Authors: Will Thomas
Tags: #Fiction, #Mystery & Detective, #Traditional, #Historical, #Traditional British
“What’ll it be, then?” the barber leered, brandishing his scissors.
I sighed. “Cut it short.”
“Righto.”
As the first lock tumbled down the sheet, I felt like a sheep being shorn. It reminded me exactly of my first haircut in Oxford Prison prior to my employment with Barker. It never occurred to me that such a humiliation could happen twice in one lifetime.
I was so concerned with the state of my own head that I hadn’t noticed the Guv’s.
When I finally looked his way, his face was being patted with a towel. Gone was the heavy black mustache that reached to his chin. His face looked naked without it, his upper lip pale against his swarthy chin. My hair was short, the familiar curls gone, but the barber had reduced his to mere stubble.
It was demeaning to pay these fellows for the butchery they had done to us, but I did so, clapping my bowler on my head, where it promptly slid down over my ears. Stepping out into the sunshine I had so admired that morning, I turned back and bowled the hat back inside, where it kicked up layers of dust and hair on the dirty floor.
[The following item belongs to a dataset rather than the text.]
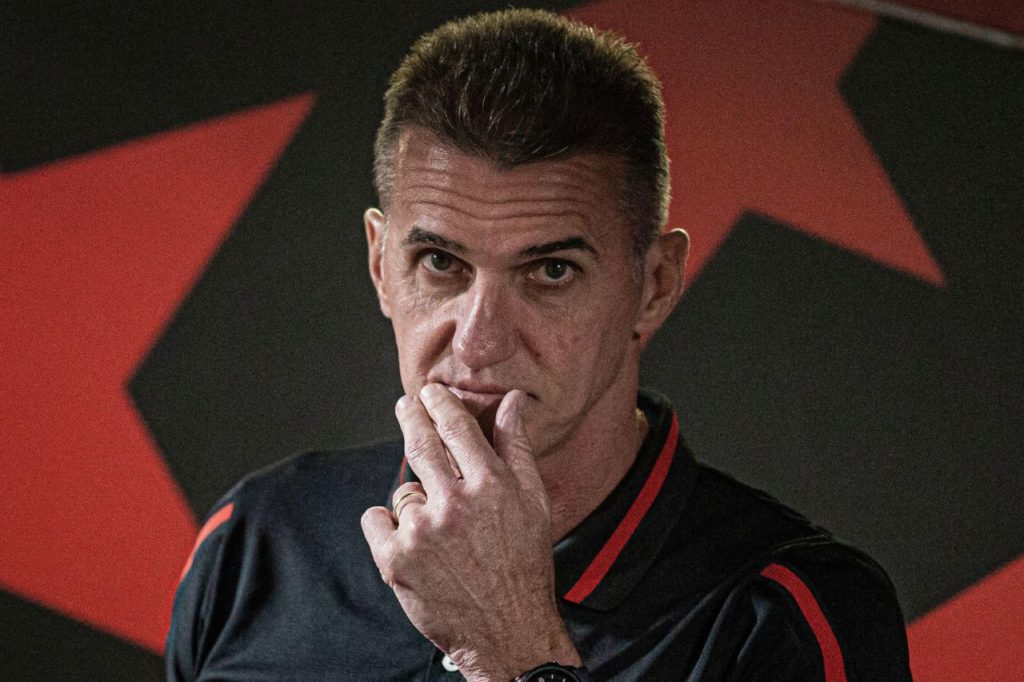 Técnico Vagner Mancini no comando do Atlético Goianiense no Brasileirão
“This gets better and better. We should have had them pull a few teeth, as well. No one would recognize us then.”
“Step in there a moment, Thomas,” the Guv said, pointing to a villainous-looking alley, black with soot.
I obeyed, wondering what further indignity I was about to endure. Immediately, the April sunshine disappeared and the temperature dropped sharply. Barker reached into the pocket of his coat and took out an eye patch.
“Where did you get that?” I asked.
“From the millinery shop we were in earlier.”
“I don’t recall paying for it.”
“You didn’t. I stole it,” he said.
“You
stole
it?” I asked. Barker’s integrity is so exaggerated that he would walk a mile to pay back tuppence. “Why didn’t you simply pay for it?”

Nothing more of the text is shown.